Saturday, December 13, 2014

Accelerate your LIBSVM classification models

I guess I finally have to admit it.  I'm not as clever as I thought.  The statistical classification algorithms I created, more or less from scratch, about nine years ago, are nowhere near as clever as a support vector machine (SVM).  And they may not even be as accurate either!

Yes, sad to say, LIBSVM is more accurate than libAGF.  I believe this is because it is maximizing the accuracy with respect to actual data whereas "adaptive Gaussian filtering" (AGF) is not.

About half a year ago I made a major addition to libAGF.  This was to generalize the pre-trained binary models for multi-class classifications.  I wrote a paper on my approach to the problem and submitted it to the Journal of Machine Learning Research (JMLR) as a "software paper."  Sadly it was rejected.  One of the objections the reviewer had was that the method couldn't be applied to other binary classifiers than the AGF "borders" classifier.  Actually it could, but only at the software level, not the command line, interface level, and not easily.

So I set out to remedy this in libAGF version "0.9.8."  The software can now be combined with the two binaries from LIBSVM, svm-train and svm-predict, or anything that looks like them.  Whereas in LIBSVM you can choose from exactly one multi-class classification method, libAGF lets you choose between slightly more than nc! where nc is the number of classes.

So lets say you've built your hybrid libAGF/LIBSVM model that's tailored exactly to the classification problem at hand.  Since we're ultimately still calling svm-predict to perform the classifications, you might find it a bit slow.

Why exactly is SVM so slow?  After all, in theory the method works by finding a linear discrimination border in a transformed space, so classifications should be O(1) (constant time) efficient!  Unfortunately, it's the caveat, "transformed space" that destroys this efficiency.

The truly clever part about support vector machines is the so-called "kernel trick."  With the kernel trick, we implicitly generate extra, transformed variables by performing operations on the dot product.  Consider a squared dot product of two, two-dimensional variables:

[(x1, x2) • (y1, y2)]
= x12y12 + 2x1y1x2y2 + x22y22
= (x12, √2x1x2, x22) • (y12, √2y1y2, y22)

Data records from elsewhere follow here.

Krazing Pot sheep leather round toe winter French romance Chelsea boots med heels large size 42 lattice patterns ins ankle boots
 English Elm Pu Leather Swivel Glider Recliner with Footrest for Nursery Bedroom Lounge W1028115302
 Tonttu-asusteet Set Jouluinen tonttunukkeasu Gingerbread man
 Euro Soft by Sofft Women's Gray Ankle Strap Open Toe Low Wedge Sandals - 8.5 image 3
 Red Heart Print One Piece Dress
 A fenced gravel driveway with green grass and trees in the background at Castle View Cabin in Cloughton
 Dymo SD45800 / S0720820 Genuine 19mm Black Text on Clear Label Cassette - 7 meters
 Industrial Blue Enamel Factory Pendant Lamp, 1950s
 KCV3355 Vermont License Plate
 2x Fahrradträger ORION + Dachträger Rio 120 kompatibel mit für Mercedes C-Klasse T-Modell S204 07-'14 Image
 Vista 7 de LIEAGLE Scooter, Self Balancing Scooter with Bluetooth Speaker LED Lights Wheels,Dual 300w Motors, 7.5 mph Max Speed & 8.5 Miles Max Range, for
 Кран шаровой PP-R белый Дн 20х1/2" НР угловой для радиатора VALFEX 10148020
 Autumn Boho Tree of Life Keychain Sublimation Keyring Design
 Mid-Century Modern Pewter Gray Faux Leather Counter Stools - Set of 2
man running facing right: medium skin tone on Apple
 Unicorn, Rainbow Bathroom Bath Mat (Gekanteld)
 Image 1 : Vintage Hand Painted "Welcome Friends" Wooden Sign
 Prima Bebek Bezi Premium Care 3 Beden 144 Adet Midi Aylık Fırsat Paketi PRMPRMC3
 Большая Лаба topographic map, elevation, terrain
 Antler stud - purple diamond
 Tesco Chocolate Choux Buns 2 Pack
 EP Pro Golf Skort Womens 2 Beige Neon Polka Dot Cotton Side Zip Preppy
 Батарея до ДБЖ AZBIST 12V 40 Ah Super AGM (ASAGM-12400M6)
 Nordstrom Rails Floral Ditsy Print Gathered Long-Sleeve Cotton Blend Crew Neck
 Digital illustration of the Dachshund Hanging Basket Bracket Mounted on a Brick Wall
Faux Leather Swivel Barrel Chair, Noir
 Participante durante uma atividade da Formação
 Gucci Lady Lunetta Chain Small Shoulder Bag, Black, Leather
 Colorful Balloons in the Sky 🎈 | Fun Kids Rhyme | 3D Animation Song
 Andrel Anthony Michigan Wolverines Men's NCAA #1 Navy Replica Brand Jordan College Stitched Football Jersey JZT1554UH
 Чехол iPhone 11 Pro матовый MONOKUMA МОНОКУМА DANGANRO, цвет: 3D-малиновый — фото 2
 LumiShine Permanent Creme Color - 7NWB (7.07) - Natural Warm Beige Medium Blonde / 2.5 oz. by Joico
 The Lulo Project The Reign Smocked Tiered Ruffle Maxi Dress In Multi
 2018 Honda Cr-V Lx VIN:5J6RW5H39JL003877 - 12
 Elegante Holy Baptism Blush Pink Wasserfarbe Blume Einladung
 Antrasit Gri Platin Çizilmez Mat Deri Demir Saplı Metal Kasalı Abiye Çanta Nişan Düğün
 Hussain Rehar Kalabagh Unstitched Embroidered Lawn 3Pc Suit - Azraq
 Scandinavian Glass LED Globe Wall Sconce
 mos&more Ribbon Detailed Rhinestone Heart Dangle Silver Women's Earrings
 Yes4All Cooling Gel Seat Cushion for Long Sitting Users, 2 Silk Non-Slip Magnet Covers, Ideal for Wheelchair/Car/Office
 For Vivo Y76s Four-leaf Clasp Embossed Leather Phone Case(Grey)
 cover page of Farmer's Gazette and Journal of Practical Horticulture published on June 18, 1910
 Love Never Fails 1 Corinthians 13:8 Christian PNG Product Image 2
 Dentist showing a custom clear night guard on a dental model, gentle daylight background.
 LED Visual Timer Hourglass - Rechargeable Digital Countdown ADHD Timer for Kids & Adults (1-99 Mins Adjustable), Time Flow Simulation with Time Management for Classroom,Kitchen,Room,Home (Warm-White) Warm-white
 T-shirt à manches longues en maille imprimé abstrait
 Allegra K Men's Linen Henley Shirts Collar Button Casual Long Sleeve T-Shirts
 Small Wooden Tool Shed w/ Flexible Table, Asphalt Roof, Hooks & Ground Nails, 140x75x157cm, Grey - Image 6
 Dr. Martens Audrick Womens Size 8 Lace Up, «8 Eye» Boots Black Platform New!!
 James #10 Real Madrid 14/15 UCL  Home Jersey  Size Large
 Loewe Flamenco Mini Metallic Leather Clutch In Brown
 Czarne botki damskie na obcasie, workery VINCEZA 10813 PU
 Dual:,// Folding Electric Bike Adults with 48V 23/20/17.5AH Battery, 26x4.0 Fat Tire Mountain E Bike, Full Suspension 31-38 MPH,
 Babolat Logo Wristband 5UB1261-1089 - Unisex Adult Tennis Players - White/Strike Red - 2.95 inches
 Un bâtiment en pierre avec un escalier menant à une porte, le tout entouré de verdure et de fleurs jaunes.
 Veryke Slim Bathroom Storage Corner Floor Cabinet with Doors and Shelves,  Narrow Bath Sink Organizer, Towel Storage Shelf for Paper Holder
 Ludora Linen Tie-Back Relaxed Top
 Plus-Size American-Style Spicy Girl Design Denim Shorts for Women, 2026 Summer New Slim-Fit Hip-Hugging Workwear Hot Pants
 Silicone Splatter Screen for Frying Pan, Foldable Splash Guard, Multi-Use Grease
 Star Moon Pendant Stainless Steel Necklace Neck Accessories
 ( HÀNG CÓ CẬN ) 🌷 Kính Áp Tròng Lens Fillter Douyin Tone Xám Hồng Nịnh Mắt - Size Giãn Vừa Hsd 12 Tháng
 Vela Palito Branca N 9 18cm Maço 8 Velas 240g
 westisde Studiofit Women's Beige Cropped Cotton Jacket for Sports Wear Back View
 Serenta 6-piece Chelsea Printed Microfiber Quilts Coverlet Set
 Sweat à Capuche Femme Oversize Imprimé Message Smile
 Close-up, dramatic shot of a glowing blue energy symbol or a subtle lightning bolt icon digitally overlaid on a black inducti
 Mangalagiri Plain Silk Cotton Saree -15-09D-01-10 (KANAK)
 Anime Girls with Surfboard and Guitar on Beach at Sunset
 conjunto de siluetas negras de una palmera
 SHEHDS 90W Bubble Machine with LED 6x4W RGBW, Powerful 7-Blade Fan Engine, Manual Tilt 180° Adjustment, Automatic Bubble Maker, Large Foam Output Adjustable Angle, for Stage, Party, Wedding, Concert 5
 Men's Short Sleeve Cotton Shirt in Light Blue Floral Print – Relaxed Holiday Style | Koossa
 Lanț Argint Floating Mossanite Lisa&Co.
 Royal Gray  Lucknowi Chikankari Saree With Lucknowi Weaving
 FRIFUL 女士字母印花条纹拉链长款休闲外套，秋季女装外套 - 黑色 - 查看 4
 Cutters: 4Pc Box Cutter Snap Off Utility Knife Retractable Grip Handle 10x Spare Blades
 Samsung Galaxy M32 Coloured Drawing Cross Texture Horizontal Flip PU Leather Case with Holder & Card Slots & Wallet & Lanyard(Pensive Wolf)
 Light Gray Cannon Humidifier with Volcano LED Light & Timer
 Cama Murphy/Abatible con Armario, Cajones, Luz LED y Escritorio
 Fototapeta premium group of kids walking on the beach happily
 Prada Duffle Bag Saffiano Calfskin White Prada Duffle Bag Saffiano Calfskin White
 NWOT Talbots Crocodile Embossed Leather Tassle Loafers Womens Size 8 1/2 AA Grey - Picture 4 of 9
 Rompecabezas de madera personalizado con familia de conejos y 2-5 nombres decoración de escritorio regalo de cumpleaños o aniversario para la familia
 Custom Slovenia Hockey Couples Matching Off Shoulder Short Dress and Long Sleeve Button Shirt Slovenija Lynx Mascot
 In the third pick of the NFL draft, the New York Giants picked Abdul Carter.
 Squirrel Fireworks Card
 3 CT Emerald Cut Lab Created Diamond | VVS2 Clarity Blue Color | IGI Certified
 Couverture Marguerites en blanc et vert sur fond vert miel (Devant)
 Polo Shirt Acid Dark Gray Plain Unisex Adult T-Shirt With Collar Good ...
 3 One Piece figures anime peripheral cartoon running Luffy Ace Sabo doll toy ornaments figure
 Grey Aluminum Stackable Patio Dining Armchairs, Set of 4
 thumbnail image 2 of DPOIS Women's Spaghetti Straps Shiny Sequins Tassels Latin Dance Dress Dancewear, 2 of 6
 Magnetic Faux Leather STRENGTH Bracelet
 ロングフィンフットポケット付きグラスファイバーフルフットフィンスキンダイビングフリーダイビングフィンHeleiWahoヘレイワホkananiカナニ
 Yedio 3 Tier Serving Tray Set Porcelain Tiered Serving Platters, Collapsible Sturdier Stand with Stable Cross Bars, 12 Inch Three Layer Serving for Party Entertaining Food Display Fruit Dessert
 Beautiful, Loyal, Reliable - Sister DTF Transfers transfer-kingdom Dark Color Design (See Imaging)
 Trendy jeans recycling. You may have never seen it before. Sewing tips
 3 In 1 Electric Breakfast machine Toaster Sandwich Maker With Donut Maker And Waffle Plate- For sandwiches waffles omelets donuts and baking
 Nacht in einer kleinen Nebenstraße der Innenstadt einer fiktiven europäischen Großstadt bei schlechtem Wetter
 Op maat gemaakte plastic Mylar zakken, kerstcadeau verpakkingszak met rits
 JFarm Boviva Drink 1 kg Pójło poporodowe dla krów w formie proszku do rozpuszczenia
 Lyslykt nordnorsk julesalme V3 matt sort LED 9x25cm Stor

Clever huh?  The trouble is, unlike in this example, you usually can't calculate these extra variables explicitly.  By the same token, the discrimination border, which is linear only in the transformed space, is also neither calculated nor stored explicitly.  Rather, a series of "support vectors", along with matching coefficients, are stored and used to generated each classification estimate.  These support vectors are simply training vectors, usually close to the border, that affect the solution.  The more training data, the more support vectors.

The data I'm using to test my "multi-borders" routines contain over 80 000 training samples.  Using LIBSVM with these data is very slow because the number of support vectors is some non-negligible fraction of this eighty thousand.  If I'm testing LIBSVM algorithms I rarely use the full compliment, rather some sub-set of it.

LibAGF multi-borders to the rescue!

The libAGF binary classifiers work by first generating a pair of samples on either side of the discrimination border, then zeroing the difference in conditional probabilities along the line between these two points.  In this way it is possible generate a group of points lying directly on the discrimination border.  You can collect as many or as few of these points as you need.  In practice,this is rarely more than 100.  In combination with the gradient vectors, it is straightforward, and very fast, to use these points for classification.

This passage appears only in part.